Комфлотом знал, что там, на Пулковских высотах, среди войск 42-й армии, перешедшей в наступление, были гвардейцы стрелкового корпуса генерала Н. П. Симоняка, в 1941 году героически сражавшиеся на полуострове Ханко.

С утра стали поступать заявки от наступающих войск.

«Часов в одиннадцать меня попросили срочно оказать помощь: фашисты укрепились на одной из высот в районе Красного Села, упорно огрызались и задерживали наступление нашей пехоты, — вспоминает адмирал. — Я и раньше знал об этой, так называемой, цели № 23, но все же проверил свои предположения по телефону, вызвав командира четвертой артгруппы инженер-капитана первого ранга И. Д. Снитко. Он подтвердил мои сведения, и я поручил ему фундаментально заняться зловредным «орешком». Орудия 406-миллиметрового калибра вместе с артиллерией крейсера «Максим Горький» сумели его расколоть. На высоте вскоре взметнулся взрыв и возникло огромное пожарище. Как потом выяснилось, артиллеристы разрушили там железобетонный командный пункт, два долговременных сооружения и подняли в воздух склады боеприпасов. Несколько позже поступило приказание командующего фронтом подавить сопротивление противника в Малых Кабози и Виттолове. Эти цели, как и предыдущие, могли накрыть только орудия группы Снитко и линейного корабля «Октябрьская революция». Они ударили вместе. Пятисоткилограммовые снаряды разрушили ряд долговременных огневых точек, уничтожили много офицеров и солдат.

До штурма Кенигсберга я потом не наблюдал такого мощного огня и такой грандиозной концентрации артиллерии, — признался адмирал. — Вероятно, этот ленинградский день был внушителен не меньше, чем день сталинградской артиллерийской увертюры, начавшей разгром армии Паулюса. Орудия нашей железнодорожной артбригады открывали огонь 136 раз и выпустили при этом 7000 снарядов, а вся артиллерия флота провела 220 стрельб и выпустила 12 000 снарядов крупного калибра»{7}.

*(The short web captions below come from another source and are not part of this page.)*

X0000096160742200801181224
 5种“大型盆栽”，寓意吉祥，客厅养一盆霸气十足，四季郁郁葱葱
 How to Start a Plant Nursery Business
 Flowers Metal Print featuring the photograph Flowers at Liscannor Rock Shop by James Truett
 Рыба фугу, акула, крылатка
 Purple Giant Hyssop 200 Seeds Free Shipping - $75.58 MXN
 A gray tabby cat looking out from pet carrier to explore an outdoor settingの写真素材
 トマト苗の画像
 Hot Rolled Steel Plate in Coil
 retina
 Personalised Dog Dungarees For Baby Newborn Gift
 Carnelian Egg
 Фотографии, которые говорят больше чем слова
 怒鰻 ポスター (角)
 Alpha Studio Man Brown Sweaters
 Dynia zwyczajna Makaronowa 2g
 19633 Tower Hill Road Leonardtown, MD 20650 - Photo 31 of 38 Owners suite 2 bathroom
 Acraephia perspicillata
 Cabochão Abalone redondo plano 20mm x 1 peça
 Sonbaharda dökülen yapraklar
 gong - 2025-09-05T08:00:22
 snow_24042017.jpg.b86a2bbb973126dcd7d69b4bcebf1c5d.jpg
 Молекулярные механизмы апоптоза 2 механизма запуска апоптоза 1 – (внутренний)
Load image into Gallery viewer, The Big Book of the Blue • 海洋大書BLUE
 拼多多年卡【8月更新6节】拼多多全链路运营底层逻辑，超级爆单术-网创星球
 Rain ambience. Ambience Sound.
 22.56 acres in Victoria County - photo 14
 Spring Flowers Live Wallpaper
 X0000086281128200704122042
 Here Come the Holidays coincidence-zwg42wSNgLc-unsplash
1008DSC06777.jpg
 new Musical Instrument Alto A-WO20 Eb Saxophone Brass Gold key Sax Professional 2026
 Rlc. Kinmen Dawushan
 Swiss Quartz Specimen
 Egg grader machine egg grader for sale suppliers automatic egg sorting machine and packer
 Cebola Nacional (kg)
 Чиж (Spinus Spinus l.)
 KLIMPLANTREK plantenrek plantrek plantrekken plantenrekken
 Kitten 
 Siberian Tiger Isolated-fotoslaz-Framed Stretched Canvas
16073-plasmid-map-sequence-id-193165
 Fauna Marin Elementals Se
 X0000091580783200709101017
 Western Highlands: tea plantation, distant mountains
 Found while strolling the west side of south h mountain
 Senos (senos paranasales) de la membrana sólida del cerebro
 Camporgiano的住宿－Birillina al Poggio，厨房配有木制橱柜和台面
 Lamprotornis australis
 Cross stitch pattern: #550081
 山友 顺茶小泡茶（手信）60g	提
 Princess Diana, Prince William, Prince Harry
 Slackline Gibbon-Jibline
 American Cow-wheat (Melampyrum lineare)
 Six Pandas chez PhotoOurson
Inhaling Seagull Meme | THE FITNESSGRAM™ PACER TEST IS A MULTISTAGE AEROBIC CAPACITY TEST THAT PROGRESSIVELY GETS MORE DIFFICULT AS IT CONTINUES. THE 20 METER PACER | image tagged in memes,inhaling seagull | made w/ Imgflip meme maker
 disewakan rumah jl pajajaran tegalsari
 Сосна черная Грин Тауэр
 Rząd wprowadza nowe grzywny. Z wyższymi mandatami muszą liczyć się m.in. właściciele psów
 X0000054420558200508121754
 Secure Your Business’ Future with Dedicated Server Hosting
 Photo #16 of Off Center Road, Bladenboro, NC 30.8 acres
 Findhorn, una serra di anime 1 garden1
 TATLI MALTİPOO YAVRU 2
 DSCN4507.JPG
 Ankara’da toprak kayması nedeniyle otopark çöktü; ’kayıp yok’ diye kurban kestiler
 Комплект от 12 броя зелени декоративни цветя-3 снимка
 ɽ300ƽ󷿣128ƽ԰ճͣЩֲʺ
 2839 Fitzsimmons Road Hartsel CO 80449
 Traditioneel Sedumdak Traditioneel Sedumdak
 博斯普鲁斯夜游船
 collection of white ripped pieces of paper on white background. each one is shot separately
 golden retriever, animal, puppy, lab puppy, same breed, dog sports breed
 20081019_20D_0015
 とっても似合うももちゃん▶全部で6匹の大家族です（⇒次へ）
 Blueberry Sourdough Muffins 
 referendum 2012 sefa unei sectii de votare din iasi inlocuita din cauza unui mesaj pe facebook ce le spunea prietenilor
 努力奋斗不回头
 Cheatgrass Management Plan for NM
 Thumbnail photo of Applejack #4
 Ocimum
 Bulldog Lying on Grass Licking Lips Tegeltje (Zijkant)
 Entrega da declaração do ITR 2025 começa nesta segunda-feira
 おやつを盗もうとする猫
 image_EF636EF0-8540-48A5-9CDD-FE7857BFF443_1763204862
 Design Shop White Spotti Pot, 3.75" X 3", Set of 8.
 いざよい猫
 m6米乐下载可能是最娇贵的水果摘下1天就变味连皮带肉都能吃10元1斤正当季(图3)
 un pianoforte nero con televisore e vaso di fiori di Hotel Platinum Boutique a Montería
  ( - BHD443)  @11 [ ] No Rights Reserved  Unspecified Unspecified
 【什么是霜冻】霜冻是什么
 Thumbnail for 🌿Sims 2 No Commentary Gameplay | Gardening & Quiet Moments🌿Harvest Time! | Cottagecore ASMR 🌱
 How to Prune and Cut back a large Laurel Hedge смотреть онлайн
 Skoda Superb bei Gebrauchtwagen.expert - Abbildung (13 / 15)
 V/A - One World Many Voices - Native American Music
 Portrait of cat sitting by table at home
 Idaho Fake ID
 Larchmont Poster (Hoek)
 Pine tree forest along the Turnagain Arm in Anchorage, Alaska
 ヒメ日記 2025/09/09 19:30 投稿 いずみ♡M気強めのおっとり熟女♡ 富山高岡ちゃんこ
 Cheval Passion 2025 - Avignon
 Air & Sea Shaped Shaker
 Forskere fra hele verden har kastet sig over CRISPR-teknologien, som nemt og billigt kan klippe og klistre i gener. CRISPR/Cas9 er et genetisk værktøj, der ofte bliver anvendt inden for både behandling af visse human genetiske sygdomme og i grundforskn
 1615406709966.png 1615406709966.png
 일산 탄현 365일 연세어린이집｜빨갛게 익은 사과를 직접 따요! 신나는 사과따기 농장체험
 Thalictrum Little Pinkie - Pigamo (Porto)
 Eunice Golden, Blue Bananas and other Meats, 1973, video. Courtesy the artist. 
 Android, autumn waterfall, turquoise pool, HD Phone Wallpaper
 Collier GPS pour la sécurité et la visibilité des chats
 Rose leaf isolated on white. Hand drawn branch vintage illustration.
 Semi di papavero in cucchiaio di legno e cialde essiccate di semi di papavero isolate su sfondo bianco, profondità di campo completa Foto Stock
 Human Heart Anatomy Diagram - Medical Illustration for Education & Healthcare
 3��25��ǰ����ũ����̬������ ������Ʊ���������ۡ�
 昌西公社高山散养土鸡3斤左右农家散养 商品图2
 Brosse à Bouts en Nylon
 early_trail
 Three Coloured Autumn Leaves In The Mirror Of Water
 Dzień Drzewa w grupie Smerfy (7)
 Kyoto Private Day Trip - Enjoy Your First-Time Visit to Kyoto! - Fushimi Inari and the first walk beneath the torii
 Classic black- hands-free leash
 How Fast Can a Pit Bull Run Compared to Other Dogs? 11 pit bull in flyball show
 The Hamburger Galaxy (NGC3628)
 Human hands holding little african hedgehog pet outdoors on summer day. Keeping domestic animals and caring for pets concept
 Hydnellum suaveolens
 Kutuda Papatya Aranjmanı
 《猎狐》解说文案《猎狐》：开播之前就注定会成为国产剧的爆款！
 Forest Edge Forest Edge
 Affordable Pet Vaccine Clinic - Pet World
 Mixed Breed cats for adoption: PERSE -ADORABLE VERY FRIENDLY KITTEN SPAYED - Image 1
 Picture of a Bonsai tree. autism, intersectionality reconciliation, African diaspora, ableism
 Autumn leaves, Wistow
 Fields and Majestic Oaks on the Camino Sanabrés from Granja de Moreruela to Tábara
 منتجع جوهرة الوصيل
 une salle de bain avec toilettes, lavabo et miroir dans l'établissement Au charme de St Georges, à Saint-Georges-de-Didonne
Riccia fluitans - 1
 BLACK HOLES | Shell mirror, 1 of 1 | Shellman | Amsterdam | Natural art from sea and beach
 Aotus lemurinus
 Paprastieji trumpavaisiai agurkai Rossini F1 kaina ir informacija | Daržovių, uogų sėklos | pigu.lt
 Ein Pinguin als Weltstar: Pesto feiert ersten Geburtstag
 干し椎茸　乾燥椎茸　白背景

Прав маршал артиллерии Г. Ф. Одинцов, отметивший, что в военной истории едва ли имело место такое использование морской артиллерии для нужд наземных войск.

В первые дни наступления погода ограничила действия авиации, и все же наиболее подготовленные экипажи морской авиации вылетели, обеспечивая наступающие войска. Штурмовики непрерывно висели над полем боя, вели огонь из пушек, пулеметов, реактивного оружия и сбрасывали на цели бомбы с взрывателями замедленного действия. А когда на одном из участков нашу пехоту остановила фашистская батарея, адмирал обратился к командующему ВВС:

— Михаил Иванович! Выручай...

И тут же снова вылетели штурмовики. Летчики Никулин и Максюта с бреющего полета штурмовали батарею, пока не заставили ее замолчать.

Михаил Иванович Самохин был всегда правой рукой командующего флотом. Теперь он проявлял исключительную оперативность, бросая авиацию то на прикрытие войск, то для ударов по танкам и артиллерийским батареям.

Наступление длилось не день и не два. Все это время командующий флотом находился на командном пункте командующего Ленинградским фронтом рядом с генералом Говоровым.

И как было в эту страдную пору не вспомнить события годовой давности, с которых все началось. То была первая попытка вырваться из стального кольца блокады, прорубить хотя бы узенький коридор, способный связать Ленинград с Большой землей. Семь дней и семь ночей (с 12 по 18 января 1943 года) комфлотом находился на своем КП, управляя огнем морской артиллерии, действиями морской пехоты, гордый сознанием, что и ханковцы, и тысячи других моряков с кораблей и частей флота, влившиеся в ряды армии, с успехом сражаются на главном направлении.